Bribery Act Delayed
15th February, 2011
Regular readers of The Tribunal may remember that the Bribery Act 2010 (‘The Act’) was listed as one of our key employment law changes to watch out for in 2011. However, the Government has since announced that the Act will no longer be implemented in April, as originally planned.
Amongst other provisions, the Bribery Act 2010 introduces a corporate offence of failing to prevent bribery, which could result in company executives facing personal criminal liability if they are found guilty of conniving or consenting to offering or receiving a bribe. Companies themselves could also be vicariously liable for the actions of their employees.
At the end of January, the Ministry of Justice announced that the new legislation will be delayed until new guidance on the law is published. A publication date has not yet been provided but three months must pass between publication and the Act being implemented.

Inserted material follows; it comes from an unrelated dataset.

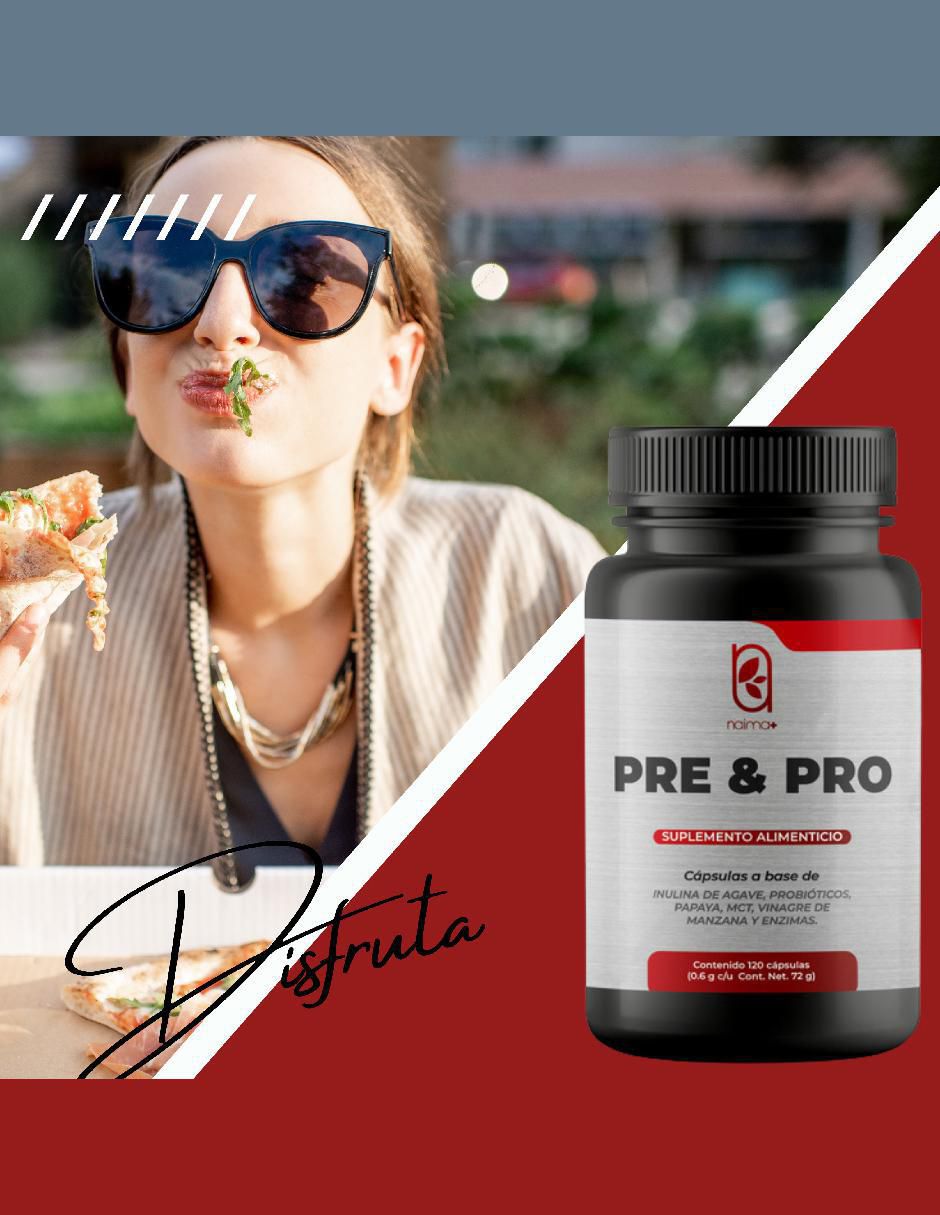 Pre & Pro (Prebióticos y Probióticos) con Enzimas Digestivas de 120 cápsulas 5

Ministers are currently consulting with businesses to create the guidance which will deal with how the Act is to be interpreted and enforced. Much criticism has been raised in respect of the Act’s uncertainty, particularly as to the distinction between a bribe and corporate hospitality and gifts.
Given the current economic climate, the Coalition Government is keen to encourage growth and investment in businesses and has recently been looking at removing restrictions on businesses, particularly small businesses. Putting the Bribery Act on the back burner, at least until guidance for companies has been issued, could very well be another example of this.